### WORK TASK:
This exercise calls for the data below to be retyped exactly, minus any images.

### THE DATA:
-.-.-

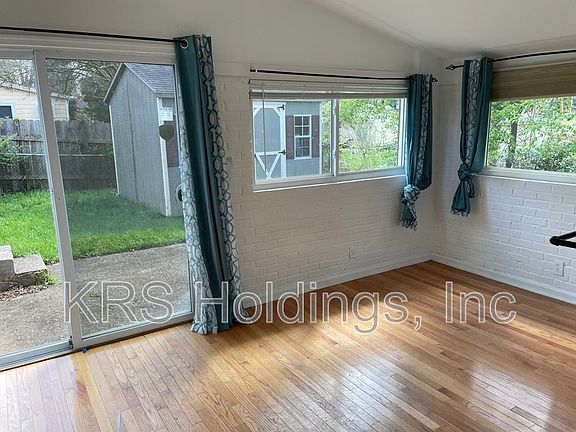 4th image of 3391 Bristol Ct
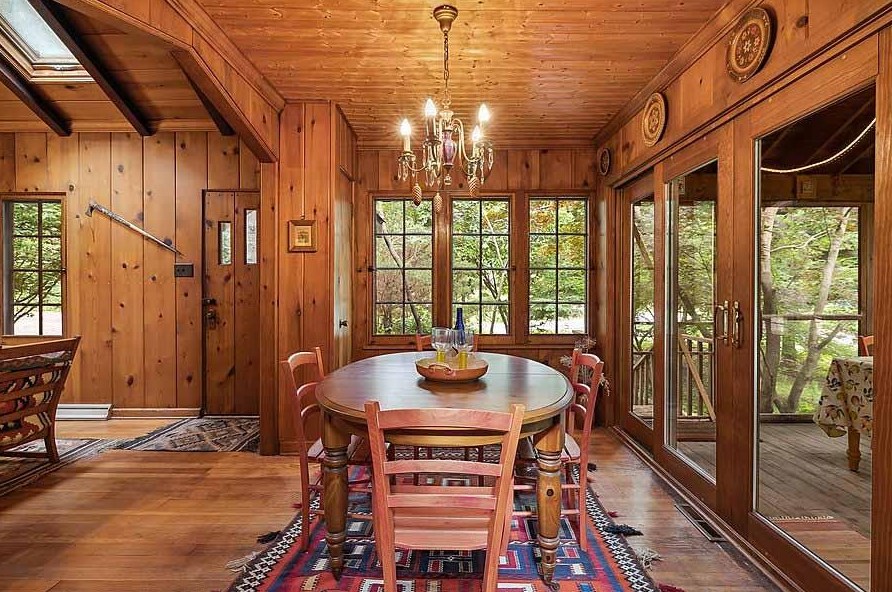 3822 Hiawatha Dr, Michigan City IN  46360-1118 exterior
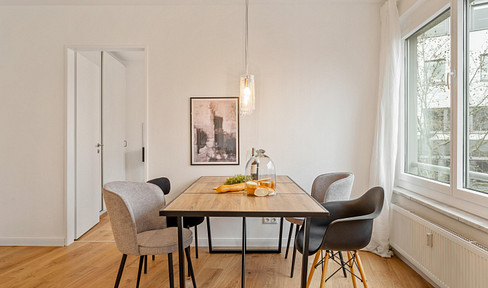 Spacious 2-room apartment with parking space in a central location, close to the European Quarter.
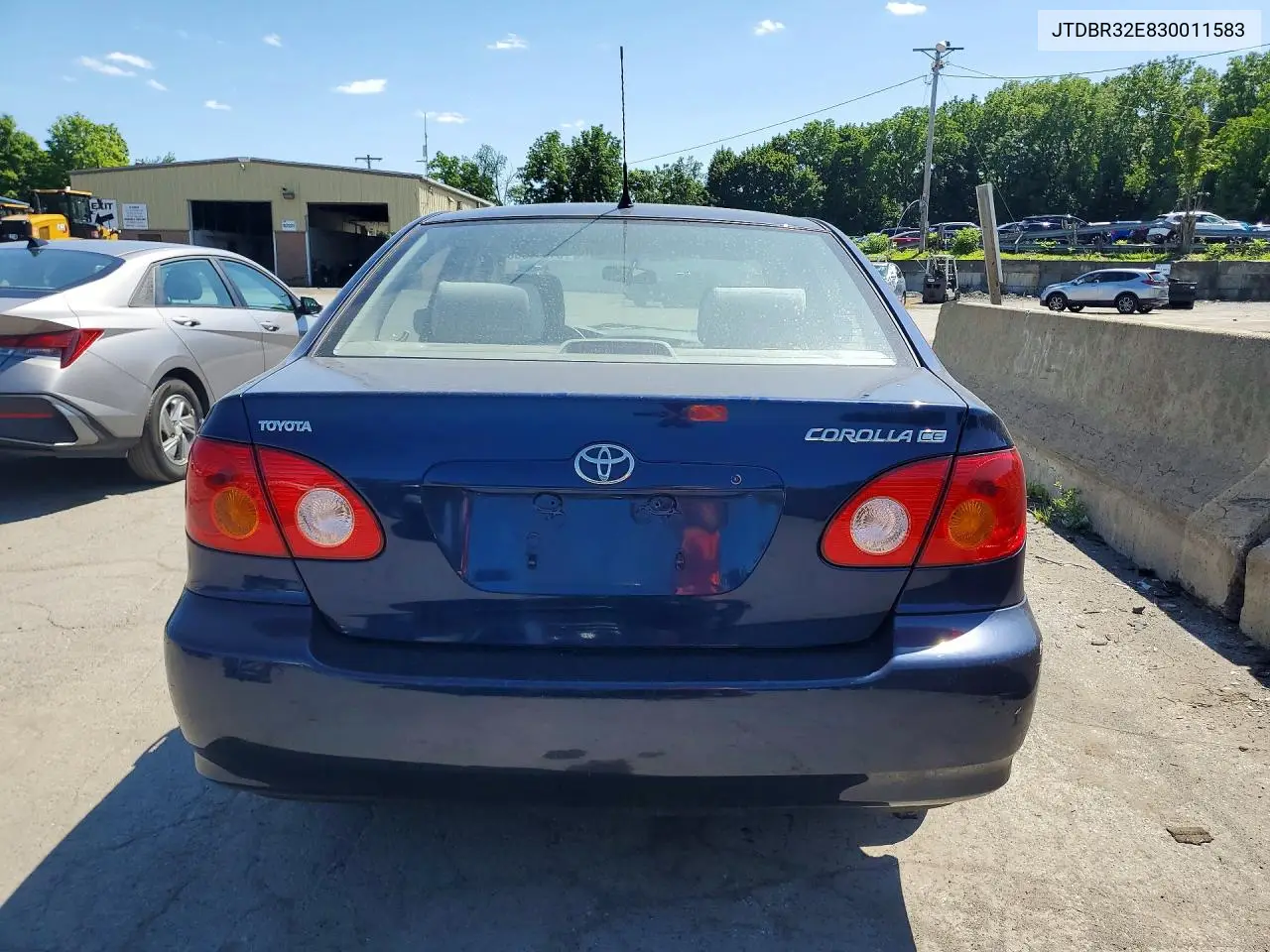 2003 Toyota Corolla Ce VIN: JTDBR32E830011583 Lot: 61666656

-.-.-

### YOUR SOLUTION:
 4th image of 3391 Bristol Ct
 3822 Hiawatha Dr, Michigan City IN  46360-1118 exterior
 Spacious 2-room apartment with parking space in a central location, close to the European Quarter.
 2003 Toyota Corolla Ce VIN: JTDBR32E830011583 Lot: 61666656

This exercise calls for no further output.